• Exercise details: The reply should hold nothing except the lines from the one with "NISSAN ROGUE 2017 - JN1BJ1CRXHW108062" through the end of the entries, duplicated exactly and with no pictures.

• Source material:
★ ★ ★ ★ ★

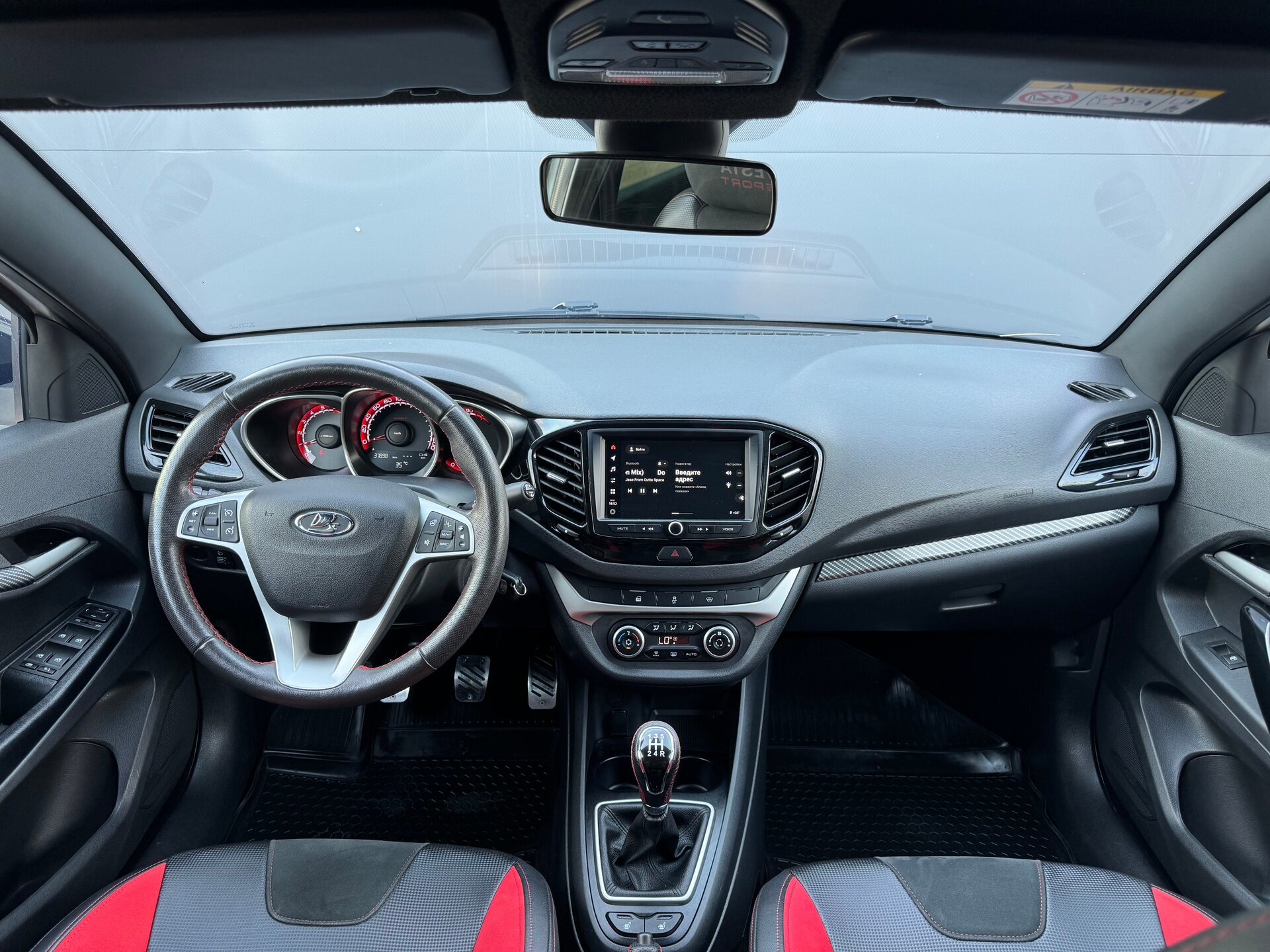 Lada (ВАЗ) Vesta, I 2021
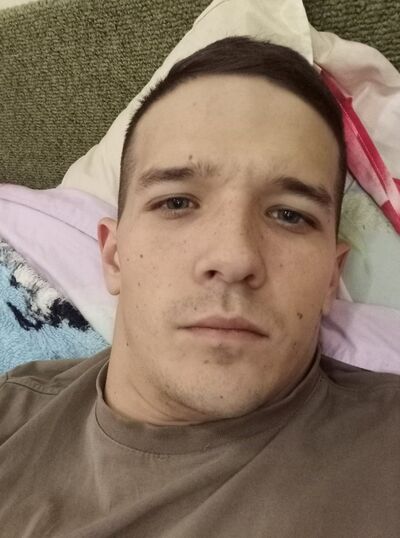  ,   Slava, 24 ,  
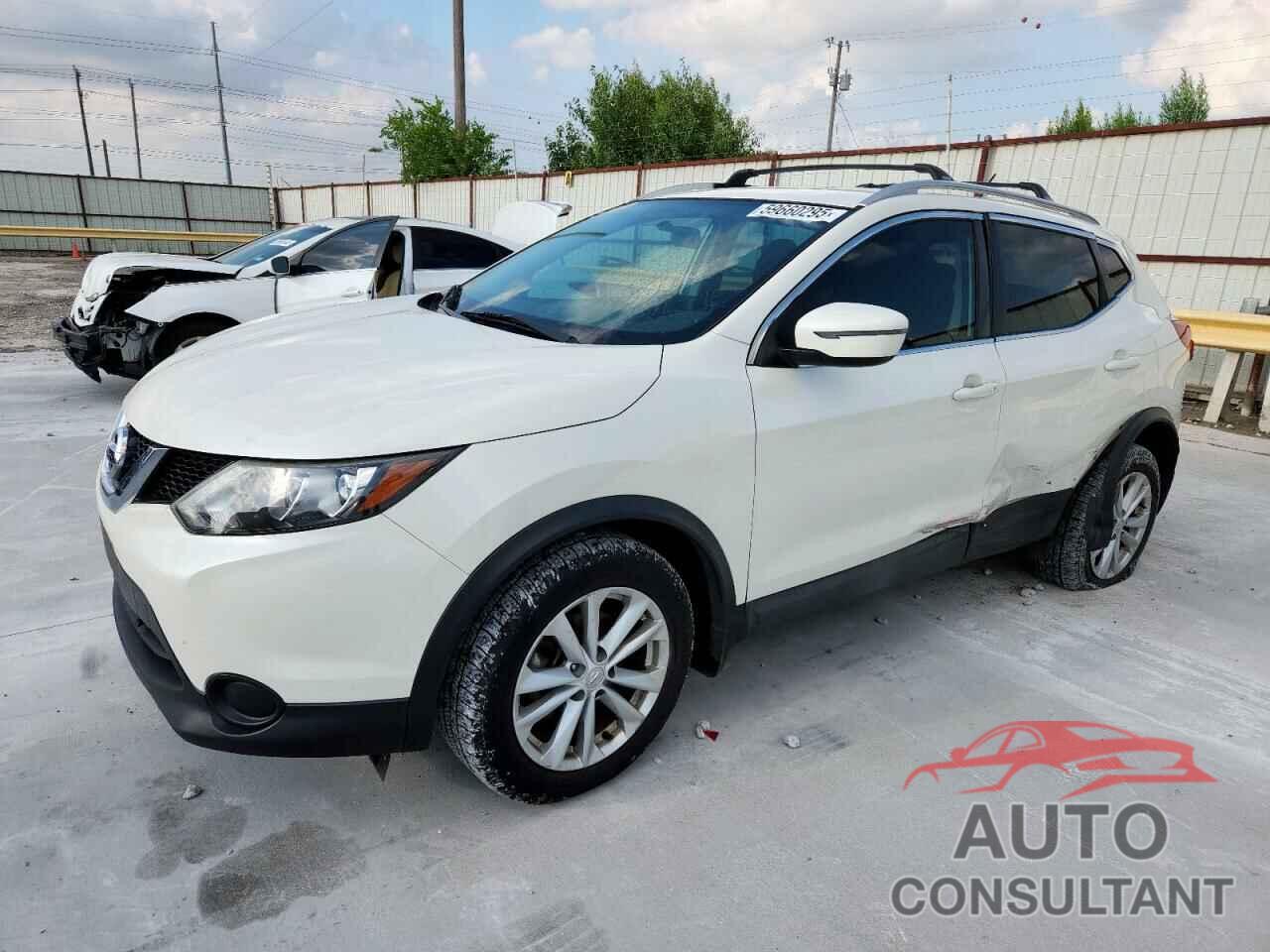 NISSAN ROGUE 2017 - JN1BJ1CRXHW108062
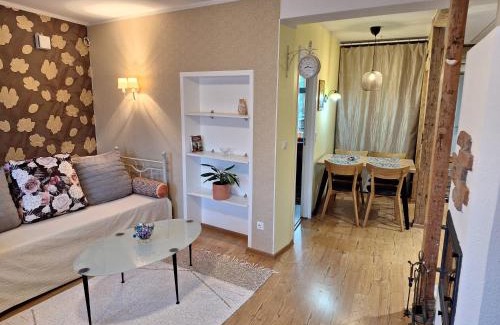 Tartu Apartamento | Idyllic apartment in Supilinn with a balcony, private parking and contact-free entrance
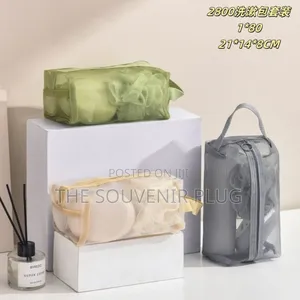 Toiletry Bag/Wash Bag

★ ★ ★ ★ ★

• Task response:
 NISSAN ROGUE 2017 - JN1BJ1CRXHW108062
 Tartu Apartamento | Idyllic apartment in Supilinn with a balcony, private parking and contact-free entrance
 Toiletry Bag/Wash Bag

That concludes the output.